**Work request**
Reprint every entry, character for character.

**Data to examine**
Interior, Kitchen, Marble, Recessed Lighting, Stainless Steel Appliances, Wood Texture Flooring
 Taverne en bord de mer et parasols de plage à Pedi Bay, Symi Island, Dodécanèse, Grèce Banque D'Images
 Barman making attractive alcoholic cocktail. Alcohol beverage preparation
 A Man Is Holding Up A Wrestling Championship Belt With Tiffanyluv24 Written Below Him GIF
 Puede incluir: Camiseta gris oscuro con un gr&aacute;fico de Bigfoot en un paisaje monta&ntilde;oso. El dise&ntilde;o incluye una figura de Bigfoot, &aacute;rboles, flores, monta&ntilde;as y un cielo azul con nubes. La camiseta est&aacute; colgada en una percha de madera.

**Result below**
Interior, Kitchen, Marble, Recessed Lighting, Stainless Steel Appliances, Wood Texture Flooring
 Taverne en bord de mer et parasols de plage à Pedi Bay, Symi Island, Dodécanèse, Grèce Banque D'Images
 Barman making attractive alcoholic cocktail. Alcohol beverage preparation
 A Man Is Holding Up A Wrestling Championship Belt With Tiffanyluv24 Written Below Him GIF
 Puede incluir: Camiseta gris oscuro con un gr&aacute;fico de Bigfoot en un paisaje monta&ntilde;oso. El dise&ntilde;o incluye una figura de Bigfoot, &aacute;rboles, flores, monta&ntilde;as y un cielo azul con nubes. La camiseta est&aacute; colgada en una percha de madera.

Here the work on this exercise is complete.